Task brief: The listing must be copied out in full and exactly; no images go with it.

Material shown:
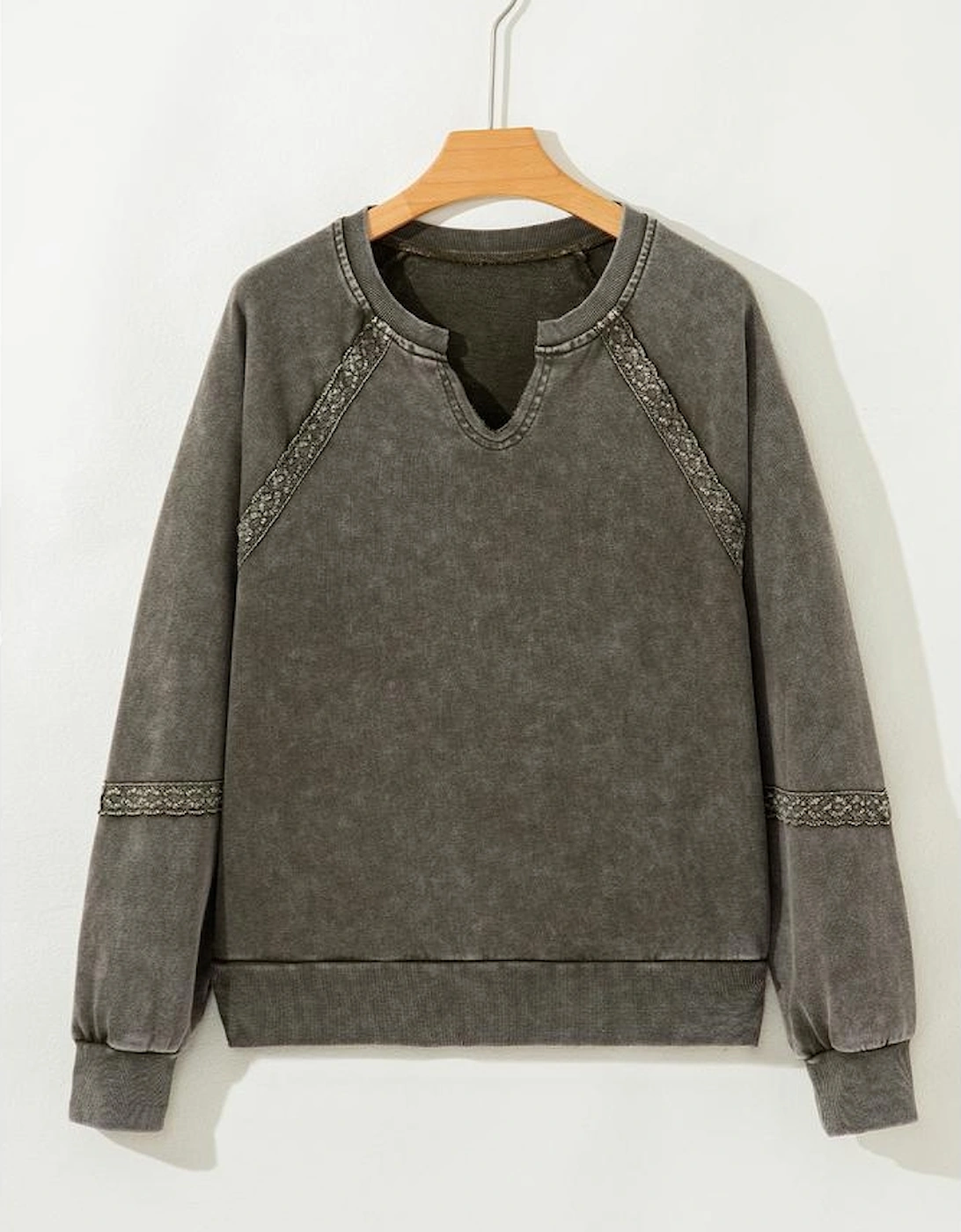 Jungle Green Lace Patchwork Detail Notched Neck Mineral Wash Baggy Sweatshirt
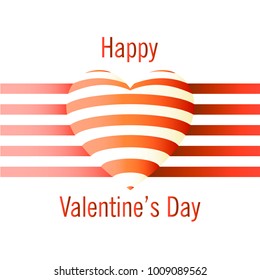 
Happy Valentine's Day card with red lines in the form of a heart. Vector 10 eps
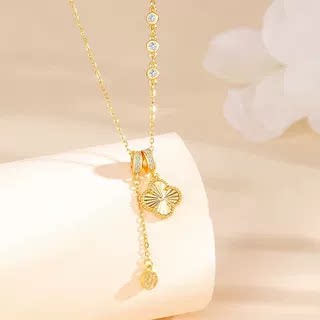 S925纯银四叶草项链铜钱镶钻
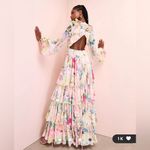 ASOS LUXE organza ruffle high low maxi dress in floral print Photo 3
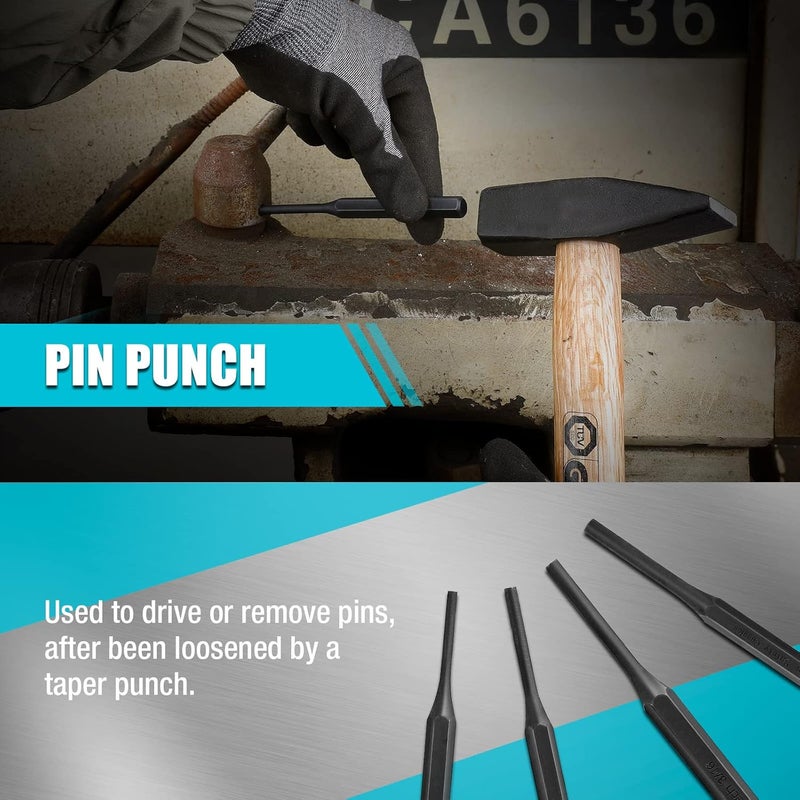 DURATECH مجموعة 14 قطعة: دبابيس، مركز، مثاقب مسمار وأزاميل باردة، أداة محاذاة، تشمل مقياس، حقيبة قابلة للطي - Image 3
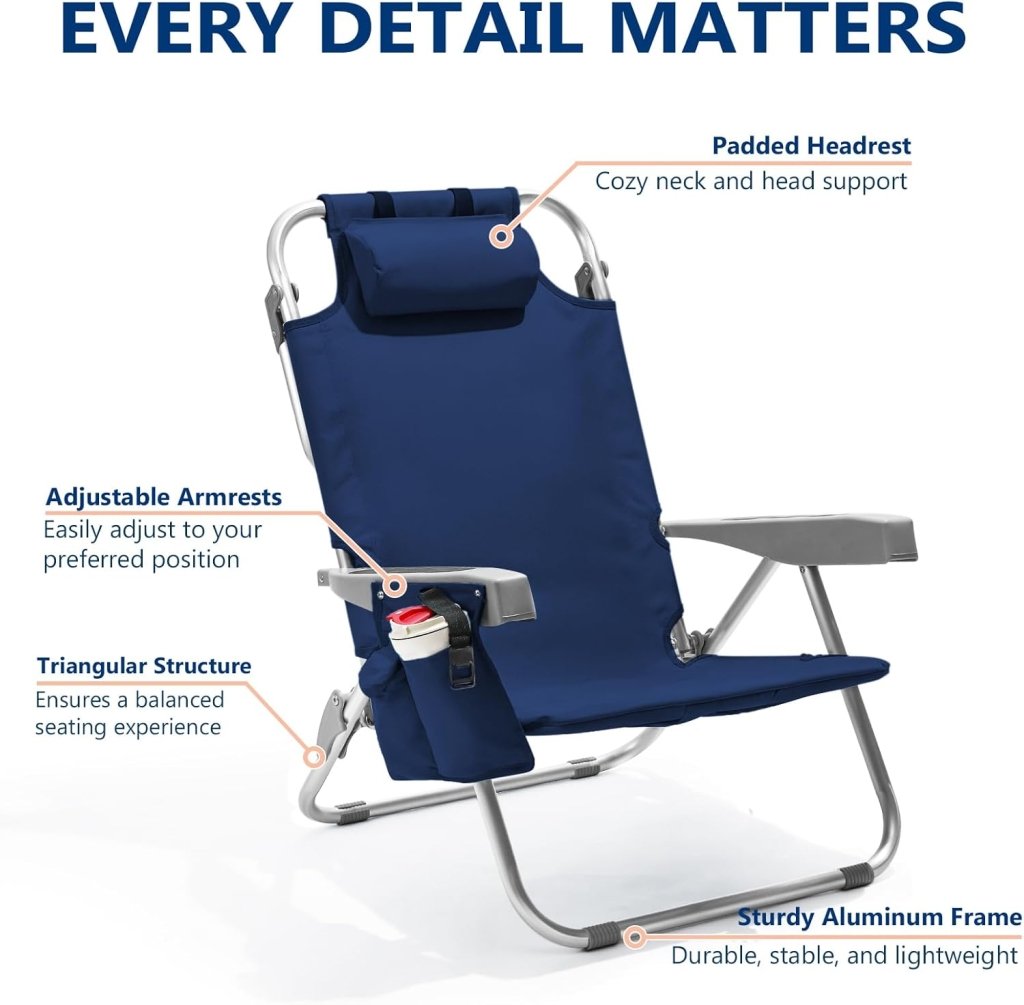 5 - Position Aluminum Lay Flat Tall Backpack Beach Chairs 2 Pack Compact Portable Beach Chairs for Adults with Cooler Pouch, Storage Pouch, Towel Bar, Cup Holder & Phone Holder, Blue Stripe - Wigtrends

Task answer:
 Jungle Green Lace Patchwork Detail Notched Neck Mineral Wash Baggy Sweatshirt
Happy Valentine's Day card with red lines in the form of a heart. Vector 10 eps
 S925纯银四叶草项链铜钱镶钻
 ASOS LUXE organza ruffle high low maxi dress in floral print Photo 3
 DURATECH مجموعة 14 قطعة: دبابيس، مركز، مثاقب مسمار وأزاميل باردة، أداة محاذاة، تشمل مقياس، حقيبة قابلة للطي - Image 3
 5 - Position Aluminum Lay Flat Tall Backpack Beach Chairs 2 Pack Compact Portable Beach Chairs for Adults with Cooler Pouch, Storage Pouch, Towel Bar, Cup Holder & Phone Holder, Blue Stripe - Wigtrends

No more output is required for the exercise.